The Norman Transcript

Government

April 30, 2014

Oil and gas operations come under city scrutiny

(Continued)

NORMAN —

The combination of horizontal drilling and hydraulic fracturing is credited with increased dry (versus offshore) production in the United States. The upside of the horizontal drilling and fracturing process is less dependence on foreign energy sources.

Net petroleum imports have fallen by about 50 percent in nine years because of the growth of dry production from unconventional reserves using hydraulic fracturing and horizontal drilling, according to the Energy Information Administration.

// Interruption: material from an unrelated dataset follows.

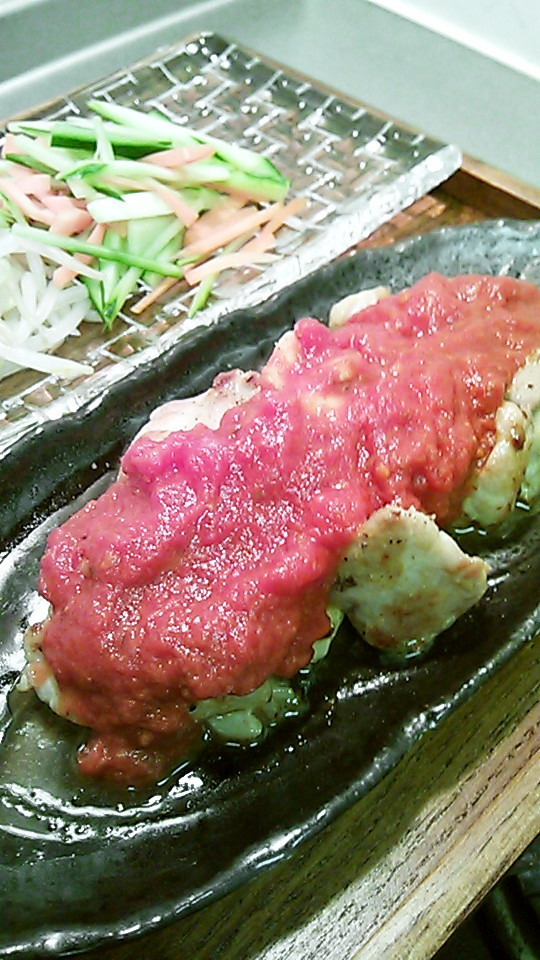 和カラシの合う鶏トマト♡の画像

The downside includes concerns that an increased number of earthquakes are associated with increased fracking operations. Other concerns involve the potential contamination of water supplies.

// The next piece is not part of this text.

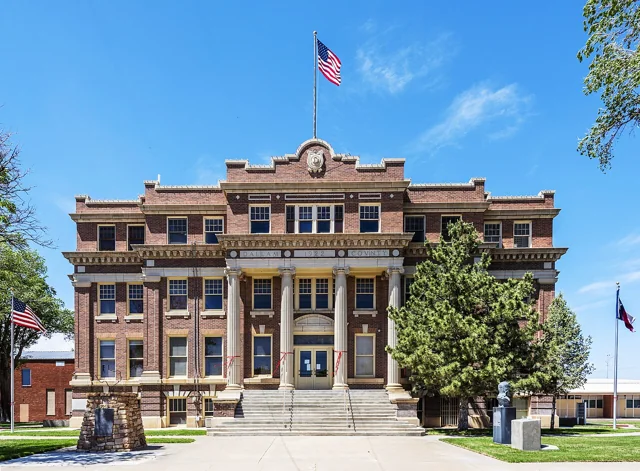 Dallam County courthouse reference photograph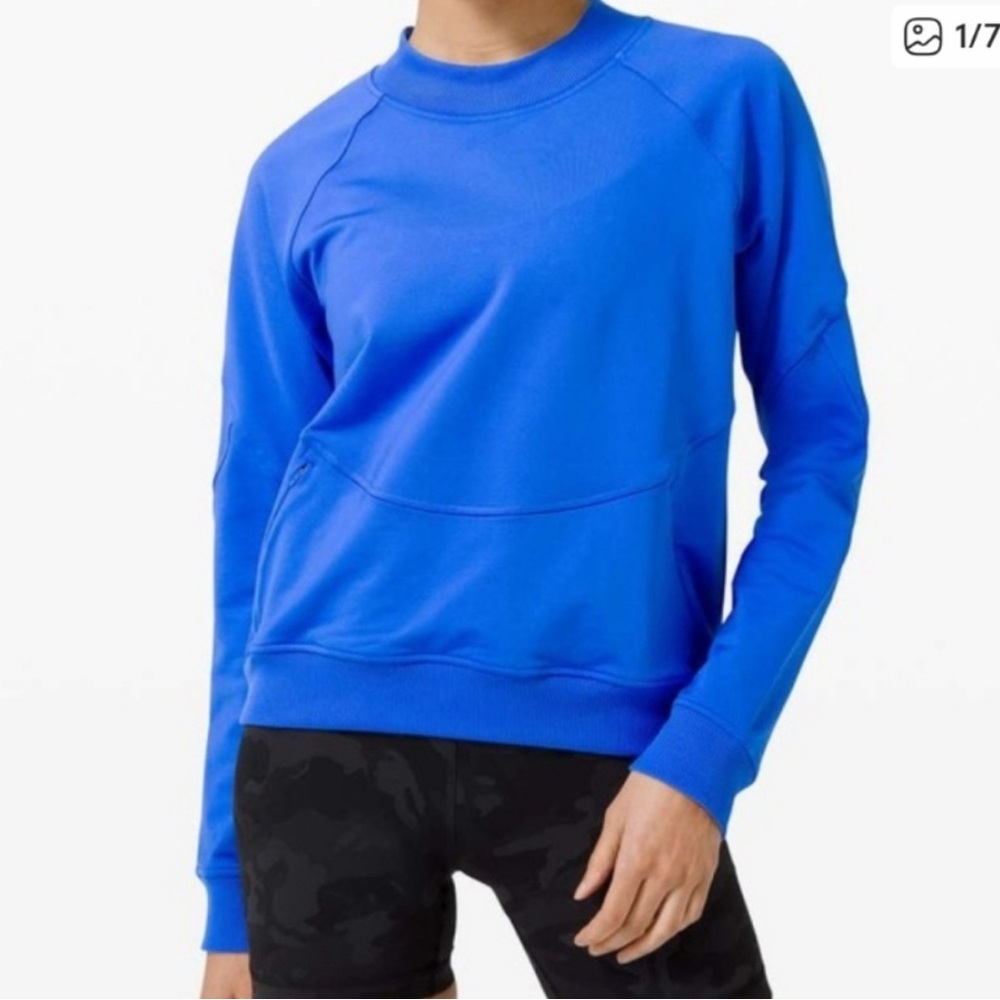 lululemon athletica navy Blue Crewneck Sweatshirt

Norman residents have voiced concerns about negative affects on the environment and possible contamination of the Lake Thunderbird watershed or the Garber-Wellington aquifer. Whether the city council will address those concerns is unclear.

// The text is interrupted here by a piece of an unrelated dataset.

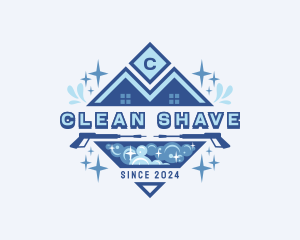 Pressure Washer Cleaning logo design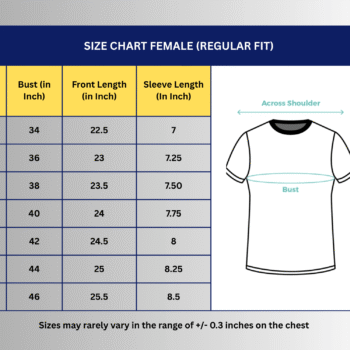 SAMIO Women’s Printed Cotton T-Shirt | White | Regular Fit | 200 GSM Premium Fabric - Image 6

The Oklahoma Corporation Commission regulates oil and gas drilling, including fracking operations and waste disposal. The commission requires wells to be made of steel pipe sealed with cement.

The Corporation Commission reports that no drinking water pollution from hydraulic fracturing has been documented in Oklahoma, despite that approximately 100,000 wells have undergone hydraulic fracturing.

 

Norman sells natural gas as green alternative: CNG produces significantly less pollution than gasoline and fewer emissions to contribute to global warming. Using CNG also is said to extend the life of vehicle engines, industry sources said.

The city’s CNG fueling station was hailed as a green initiative for Norman. Additionally, the city owns and operates 60 CNG vehicles, which is about 15 percent of the city’s “rolling fleet,” Public Works Director Shawn O’Leary said.

The city buys natural gas for the fueling station from Oklahoma Natural Gas and compresses it for use in vehicles.

“It’s the same gas that we buy to heat our buildings,” O’Leary said.

Oklahoma is fourth in the nation in natural gas production and fifth in oil, according to the U.S. Energy Information Administration.